In vista dell’entrata in vigore della norma sugli scarti di pesce – 1/1/2019 – il WWF propone soluzioni per i pescatori contro lo ‘spreco alimentare’ di pescato. Ogni anno oltre 7 milioni di tonnellate di pesce vengono rigettate in mare a livello globale.
Gli stati membri hanno avuto 5 anni per attuare misure nell’ambito dell’ultima versione della politica comune della pesca (PCP), ma sono ancora in ritardo e rischiano di mancare importanti scadenze del 2020 per la conservazione della biodiversità e la gestione sostenibile della pesca. Questo è il risultato di un nuovo rapporto del WWF lanciato in occasione del Fish Forum – che si sta svolgendo in questi giorni a Roma presso la FAO: il rapporto illustra l’implementazione da parte dei decisori chiave di UE e Stati membri degli articoli chiave della PCP. Complessivamente, i lavori degli Stati membri per attuare la PCP sono profondamente insoddisfacenti e le strategie nazionali per il mare hanno finora mancato l’obiettivo sulle disposizioni in materia di pesca sostenibile, ecosistemi marini sani e resilienti e conservazione della biodiversità. Il rapporto del WWF comprende dati individuali per ciascuno stato membro dell’UE. Solo una delle 46 azioni della politica comunitaria valutate dal WWF è stata realizzata da tutti gli stati membri, ovvero l’istituzione di un sistema amministrativo per la registrazione dei pescherecci. La metà delle azioni (24) è stata compiuta solo parzialmente, mentre le altre non sono state ancora affrontate. Il WWF ha anche valutato le azioni della Commissione europea – e i risultati sono più incoraggianti – poiché risulta aver realizzato quasi la metà delle azioni di attuazione per la PCP, guadagnando il 47% del punteggio massimo possibile.

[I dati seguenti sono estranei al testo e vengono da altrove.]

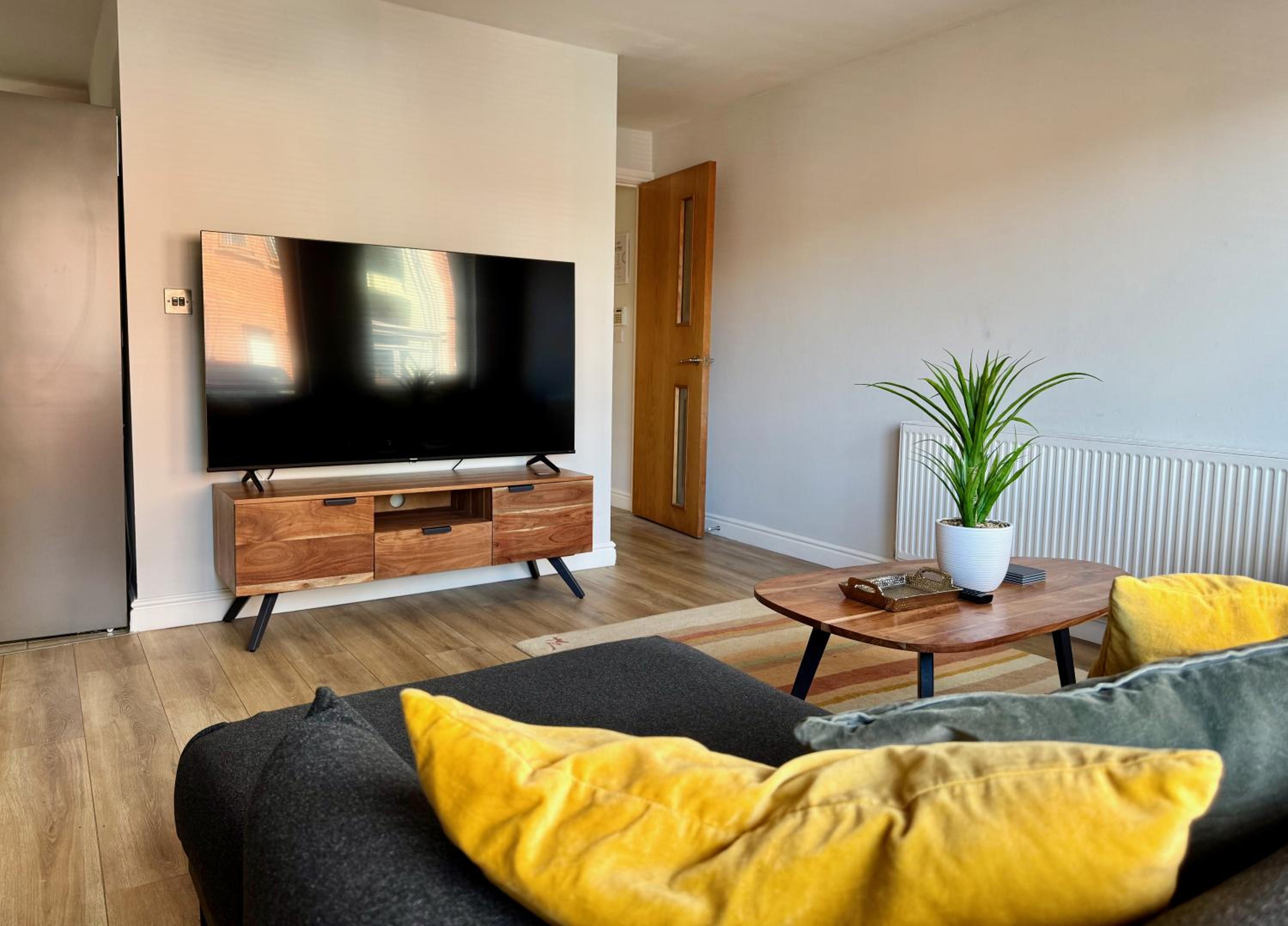 Newly refurbished! Eastside Escape - Conveniently located with fantastic local transport links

Samantha Burgess, dell’Ufficio per le politiche europee del WWF, ha dichiarato: “Gli Stati membri dell’UE hanno avuto molto tempo per attuare le norme della nuova PCP , ma hanno dimostrato un’inaccettabile mancanza di volontà politica verso la gestione sostenibile della pesca. La pesca europea sta affrontando sfide senza precedenti, con livelli elevati di sovrasfruttamento, distruzione degli habitat marini, impatti del cambiamento climatico, con attività illegali e cattiva gestione del settore della pesca. Questa tendenza distruttiva deve essere urgentemente invertita, specialmente nelle comunità costiere in cui la pesca contribuisce al sostentamento e alla sicurezza alimentare”.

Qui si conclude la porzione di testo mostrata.